The past couple of weeks have been filled with students working on projects ranging from measuring their height and shoe size for scatter plots, to students practicing standing long jumps for work in the area of measures of central tendencies. The 7th grade did a great job of working with the averages of smaller groups and comparing them to groups from a different class period.
This had me thinking of teacher evaluations and how our numbers might "stack up" against someone else's scores. Generally, we would be given the average of the scores generated from both announced and unannounced observations. The average of those visits would be put into a formula to determine my "effectiveness" as a teacher.
The above mentioned 7th graders also had to determine the Mean Absolute Deviation (MAD) from a set of numbers. This is where we determine how far the individual scores are from the average of the group. The smaller the MAD is, the less variability is in the set of numbers. The higher the MAD, the more variability there would be. I started thinking if this should be added to our teacher observations as well.

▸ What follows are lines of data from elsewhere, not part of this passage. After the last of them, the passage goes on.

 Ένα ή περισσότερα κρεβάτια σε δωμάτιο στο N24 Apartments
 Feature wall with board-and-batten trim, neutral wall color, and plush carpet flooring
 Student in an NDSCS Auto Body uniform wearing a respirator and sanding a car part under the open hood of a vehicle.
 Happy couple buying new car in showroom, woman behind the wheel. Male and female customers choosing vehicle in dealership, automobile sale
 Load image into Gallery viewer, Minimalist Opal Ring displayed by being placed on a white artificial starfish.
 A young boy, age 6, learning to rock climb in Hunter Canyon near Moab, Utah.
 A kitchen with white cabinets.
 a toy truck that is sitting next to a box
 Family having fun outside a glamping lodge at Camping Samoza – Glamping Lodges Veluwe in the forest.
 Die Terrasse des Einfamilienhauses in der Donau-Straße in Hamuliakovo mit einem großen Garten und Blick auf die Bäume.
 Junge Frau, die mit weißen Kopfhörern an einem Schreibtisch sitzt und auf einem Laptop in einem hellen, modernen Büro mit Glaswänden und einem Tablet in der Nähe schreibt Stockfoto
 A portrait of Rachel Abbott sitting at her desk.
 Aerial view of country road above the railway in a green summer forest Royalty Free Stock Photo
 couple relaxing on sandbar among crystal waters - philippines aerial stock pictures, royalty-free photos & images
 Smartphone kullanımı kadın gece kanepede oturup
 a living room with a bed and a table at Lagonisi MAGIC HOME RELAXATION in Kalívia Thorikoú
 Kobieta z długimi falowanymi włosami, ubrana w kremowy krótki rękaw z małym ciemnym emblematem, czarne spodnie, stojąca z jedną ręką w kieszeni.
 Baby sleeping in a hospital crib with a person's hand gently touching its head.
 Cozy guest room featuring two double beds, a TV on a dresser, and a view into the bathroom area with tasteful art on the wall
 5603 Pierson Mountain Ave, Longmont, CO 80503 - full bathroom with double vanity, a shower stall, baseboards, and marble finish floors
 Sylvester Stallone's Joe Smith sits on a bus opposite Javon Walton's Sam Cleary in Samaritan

For instance, a teacher with a low MAD would show much more consistency than someone who did not. The teacher with a higher MAD may have spent more time planning for the announced observations than when someone just "popped in". In my opinion, this lack of consistency should not be taken lightly.
A teacher that is much more consistent, meaning a low MAD, would show much more consistency in their daily planning. In my opinion, this teacher would not just "put on a show" when it is announced observation time. I know this takes a great level of confidence, but I think this should somehow be added to our observation "score".
I apologize if this just seems like I am rambling, but I am trying to show my students how I would connect what we are working on in the classroom to a real-life situation.
Any thoughts on the addition of the Mean Absolute Deviation to our teacher observations?